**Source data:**
————
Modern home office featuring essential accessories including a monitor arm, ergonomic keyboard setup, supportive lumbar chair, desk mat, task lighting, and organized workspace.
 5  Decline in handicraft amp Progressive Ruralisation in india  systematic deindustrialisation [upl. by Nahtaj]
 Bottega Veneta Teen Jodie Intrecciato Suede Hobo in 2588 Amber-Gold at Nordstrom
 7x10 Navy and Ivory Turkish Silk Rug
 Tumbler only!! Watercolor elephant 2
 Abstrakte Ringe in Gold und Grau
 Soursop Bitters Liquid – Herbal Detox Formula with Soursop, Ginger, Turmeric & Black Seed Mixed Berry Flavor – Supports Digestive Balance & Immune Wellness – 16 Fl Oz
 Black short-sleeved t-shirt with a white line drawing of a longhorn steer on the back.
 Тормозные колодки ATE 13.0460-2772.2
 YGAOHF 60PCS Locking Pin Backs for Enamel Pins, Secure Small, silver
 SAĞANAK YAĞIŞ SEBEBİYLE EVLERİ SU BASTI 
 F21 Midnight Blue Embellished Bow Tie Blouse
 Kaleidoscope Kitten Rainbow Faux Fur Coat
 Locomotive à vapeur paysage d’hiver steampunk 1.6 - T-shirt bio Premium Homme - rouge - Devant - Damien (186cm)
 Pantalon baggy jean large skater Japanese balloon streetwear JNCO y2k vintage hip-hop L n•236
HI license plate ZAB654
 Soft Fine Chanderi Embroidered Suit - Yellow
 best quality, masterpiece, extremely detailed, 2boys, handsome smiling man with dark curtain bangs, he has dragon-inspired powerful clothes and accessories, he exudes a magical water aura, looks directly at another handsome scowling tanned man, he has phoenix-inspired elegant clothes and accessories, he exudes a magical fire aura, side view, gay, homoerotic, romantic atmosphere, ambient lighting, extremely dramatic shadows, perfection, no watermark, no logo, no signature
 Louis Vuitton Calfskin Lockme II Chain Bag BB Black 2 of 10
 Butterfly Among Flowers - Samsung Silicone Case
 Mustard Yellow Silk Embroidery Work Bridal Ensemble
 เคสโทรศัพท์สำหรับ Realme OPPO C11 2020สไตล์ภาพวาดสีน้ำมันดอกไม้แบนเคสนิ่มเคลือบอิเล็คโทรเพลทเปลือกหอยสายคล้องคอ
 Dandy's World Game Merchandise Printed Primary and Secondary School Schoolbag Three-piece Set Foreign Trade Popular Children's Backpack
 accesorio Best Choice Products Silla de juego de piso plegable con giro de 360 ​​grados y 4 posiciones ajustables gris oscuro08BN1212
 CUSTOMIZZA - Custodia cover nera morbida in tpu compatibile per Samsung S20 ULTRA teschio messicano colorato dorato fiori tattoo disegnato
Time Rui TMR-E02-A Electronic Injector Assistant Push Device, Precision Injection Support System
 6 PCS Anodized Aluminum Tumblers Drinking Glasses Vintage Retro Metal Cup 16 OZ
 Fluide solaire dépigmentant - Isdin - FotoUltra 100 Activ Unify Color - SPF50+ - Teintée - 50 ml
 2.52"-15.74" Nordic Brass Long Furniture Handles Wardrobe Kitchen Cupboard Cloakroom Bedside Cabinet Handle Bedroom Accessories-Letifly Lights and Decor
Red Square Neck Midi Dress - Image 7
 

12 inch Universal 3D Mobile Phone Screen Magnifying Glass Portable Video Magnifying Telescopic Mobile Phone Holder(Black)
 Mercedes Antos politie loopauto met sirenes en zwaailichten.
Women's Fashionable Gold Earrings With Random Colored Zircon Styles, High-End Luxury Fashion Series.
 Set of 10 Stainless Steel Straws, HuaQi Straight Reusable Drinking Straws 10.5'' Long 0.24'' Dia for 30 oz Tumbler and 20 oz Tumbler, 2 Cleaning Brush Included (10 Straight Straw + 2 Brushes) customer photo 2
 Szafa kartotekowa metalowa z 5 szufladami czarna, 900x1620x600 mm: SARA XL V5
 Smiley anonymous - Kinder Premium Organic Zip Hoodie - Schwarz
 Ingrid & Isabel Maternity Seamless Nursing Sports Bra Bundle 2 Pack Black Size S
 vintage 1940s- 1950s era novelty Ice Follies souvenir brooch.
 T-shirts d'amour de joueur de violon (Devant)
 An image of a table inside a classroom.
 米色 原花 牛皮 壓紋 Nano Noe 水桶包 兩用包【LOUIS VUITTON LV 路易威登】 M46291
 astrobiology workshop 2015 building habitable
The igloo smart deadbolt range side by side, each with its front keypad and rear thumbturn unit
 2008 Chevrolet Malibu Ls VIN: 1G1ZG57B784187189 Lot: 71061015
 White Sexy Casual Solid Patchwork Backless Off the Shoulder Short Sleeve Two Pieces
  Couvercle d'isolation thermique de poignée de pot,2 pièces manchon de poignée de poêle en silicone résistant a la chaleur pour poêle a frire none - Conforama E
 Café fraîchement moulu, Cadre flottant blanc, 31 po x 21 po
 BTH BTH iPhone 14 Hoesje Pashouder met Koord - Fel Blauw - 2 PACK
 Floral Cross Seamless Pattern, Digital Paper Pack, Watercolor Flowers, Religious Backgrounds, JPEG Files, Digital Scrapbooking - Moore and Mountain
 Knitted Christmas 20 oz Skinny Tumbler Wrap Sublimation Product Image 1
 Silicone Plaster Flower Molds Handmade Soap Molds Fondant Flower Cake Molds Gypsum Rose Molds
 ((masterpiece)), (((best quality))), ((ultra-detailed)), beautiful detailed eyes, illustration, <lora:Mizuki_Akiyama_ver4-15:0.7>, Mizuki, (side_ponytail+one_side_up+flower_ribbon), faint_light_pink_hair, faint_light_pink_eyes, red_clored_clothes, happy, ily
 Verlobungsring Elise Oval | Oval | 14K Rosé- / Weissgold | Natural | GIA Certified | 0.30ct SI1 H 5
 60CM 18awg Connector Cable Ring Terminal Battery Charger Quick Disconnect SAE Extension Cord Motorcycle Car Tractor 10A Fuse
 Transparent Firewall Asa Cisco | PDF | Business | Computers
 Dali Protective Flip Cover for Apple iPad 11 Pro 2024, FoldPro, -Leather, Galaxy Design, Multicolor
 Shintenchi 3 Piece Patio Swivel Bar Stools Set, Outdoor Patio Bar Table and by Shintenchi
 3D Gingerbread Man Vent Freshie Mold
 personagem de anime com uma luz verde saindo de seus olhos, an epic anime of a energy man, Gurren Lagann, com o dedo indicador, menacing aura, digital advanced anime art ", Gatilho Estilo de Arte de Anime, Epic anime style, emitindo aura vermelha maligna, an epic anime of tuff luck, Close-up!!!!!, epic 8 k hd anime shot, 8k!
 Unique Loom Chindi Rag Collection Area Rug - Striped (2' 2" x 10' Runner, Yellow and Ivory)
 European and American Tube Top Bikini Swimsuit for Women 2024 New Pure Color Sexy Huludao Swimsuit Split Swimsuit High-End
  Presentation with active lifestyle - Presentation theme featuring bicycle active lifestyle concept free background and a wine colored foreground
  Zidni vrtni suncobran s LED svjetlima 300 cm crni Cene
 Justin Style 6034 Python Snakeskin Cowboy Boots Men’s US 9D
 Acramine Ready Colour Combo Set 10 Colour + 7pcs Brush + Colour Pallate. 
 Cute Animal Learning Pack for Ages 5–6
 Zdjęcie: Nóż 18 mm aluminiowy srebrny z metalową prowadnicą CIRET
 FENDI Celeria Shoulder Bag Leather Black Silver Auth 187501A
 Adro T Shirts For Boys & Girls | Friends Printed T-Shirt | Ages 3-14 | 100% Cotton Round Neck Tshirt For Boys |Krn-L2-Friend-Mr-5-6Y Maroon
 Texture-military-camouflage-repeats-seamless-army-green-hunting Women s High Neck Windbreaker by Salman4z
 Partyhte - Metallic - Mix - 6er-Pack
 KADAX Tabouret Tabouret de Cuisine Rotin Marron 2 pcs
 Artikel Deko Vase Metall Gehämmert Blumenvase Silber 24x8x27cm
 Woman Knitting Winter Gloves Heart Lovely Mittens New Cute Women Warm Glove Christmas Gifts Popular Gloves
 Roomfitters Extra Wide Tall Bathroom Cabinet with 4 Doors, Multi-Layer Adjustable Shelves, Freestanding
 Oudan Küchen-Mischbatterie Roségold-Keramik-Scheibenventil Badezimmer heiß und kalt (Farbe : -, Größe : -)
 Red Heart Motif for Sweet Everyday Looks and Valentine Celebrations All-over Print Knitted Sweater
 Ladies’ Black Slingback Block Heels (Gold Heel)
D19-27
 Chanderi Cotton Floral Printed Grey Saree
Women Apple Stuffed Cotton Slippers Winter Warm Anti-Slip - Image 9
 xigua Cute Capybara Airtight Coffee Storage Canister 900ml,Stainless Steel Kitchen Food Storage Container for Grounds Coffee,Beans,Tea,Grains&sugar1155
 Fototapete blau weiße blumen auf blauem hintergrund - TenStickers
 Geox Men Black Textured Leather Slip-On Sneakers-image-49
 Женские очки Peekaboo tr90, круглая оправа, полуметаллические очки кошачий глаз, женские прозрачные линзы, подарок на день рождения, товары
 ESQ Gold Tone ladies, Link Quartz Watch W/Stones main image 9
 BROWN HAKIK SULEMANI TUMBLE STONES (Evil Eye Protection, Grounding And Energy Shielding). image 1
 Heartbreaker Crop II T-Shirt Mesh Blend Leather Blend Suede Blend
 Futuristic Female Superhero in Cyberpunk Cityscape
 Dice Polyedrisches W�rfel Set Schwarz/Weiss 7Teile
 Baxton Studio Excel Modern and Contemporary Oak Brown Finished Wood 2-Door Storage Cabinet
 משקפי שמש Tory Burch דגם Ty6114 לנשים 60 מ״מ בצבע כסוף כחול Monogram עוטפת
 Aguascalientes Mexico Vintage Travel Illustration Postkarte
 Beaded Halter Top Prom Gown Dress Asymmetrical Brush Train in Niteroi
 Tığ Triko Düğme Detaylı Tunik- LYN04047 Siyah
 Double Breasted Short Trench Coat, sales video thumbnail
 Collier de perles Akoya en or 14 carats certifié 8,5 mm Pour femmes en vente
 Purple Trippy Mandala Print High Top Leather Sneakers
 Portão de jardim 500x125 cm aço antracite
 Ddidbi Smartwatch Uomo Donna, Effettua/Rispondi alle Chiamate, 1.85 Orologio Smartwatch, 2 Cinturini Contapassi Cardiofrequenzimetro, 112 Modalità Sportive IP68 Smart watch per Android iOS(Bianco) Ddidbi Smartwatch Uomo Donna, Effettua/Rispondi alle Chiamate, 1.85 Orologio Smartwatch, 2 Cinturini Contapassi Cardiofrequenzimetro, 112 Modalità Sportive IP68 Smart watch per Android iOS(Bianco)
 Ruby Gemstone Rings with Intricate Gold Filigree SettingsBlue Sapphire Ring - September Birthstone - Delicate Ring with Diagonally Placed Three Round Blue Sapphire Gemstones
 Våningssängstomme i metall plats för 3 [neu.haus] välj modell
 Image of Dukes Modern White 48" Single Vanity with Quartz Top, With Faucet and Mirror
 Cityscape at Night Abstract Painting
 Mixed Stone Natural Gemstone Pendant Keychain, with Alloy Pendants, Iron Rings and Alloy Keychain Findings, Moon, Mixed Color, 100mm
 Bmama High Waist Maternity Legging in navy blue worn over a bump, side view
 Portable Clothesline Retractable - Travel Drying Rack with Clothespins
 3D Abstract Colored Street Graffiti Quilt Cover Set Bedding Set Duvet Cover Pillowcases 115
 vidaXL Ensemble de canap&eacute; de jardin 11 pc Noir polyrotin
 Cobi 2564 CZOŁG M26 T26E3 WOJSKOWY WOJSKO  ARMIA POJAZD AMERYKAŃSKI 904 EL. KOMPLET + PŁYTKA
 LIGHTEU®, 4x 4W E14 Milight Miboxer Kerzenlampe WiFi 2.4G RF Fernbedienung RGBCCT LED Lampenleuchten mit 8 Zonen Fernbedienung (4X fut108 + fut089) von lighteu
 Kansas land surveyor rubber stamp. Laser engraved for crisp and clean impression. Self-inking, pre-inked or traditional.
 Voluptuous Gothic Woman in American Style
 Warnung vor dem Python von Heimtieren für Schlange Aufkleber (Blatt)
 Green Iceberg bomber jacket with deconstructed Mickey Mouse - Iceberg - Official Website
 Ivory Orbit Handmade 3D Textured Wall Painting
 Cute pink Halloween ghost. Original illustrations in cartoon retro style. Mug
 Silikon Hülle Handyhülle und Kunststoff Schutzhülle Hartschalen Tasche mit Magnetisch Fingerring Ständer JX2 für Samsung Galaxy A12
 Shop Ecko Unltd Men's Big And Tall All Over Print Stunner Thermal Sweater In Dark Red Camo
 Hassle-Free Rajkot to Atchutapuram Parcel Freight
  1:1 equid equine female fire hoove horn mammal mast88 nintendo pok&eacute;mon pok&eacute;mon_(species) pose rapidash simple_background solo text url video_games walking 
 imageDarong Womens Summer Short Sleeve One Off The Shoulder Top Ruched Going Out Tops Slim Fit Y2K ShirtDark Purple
————
Search the data for the word "Quartz" and copy each line where it appears.

**Task solution:**
 ESQ Gold Tone ladies, Link Quartz Watch W/Stones main image 9
 Image of Dukes Modern White 48" Single Vanity with Quartz Top, With Faucet and Mirror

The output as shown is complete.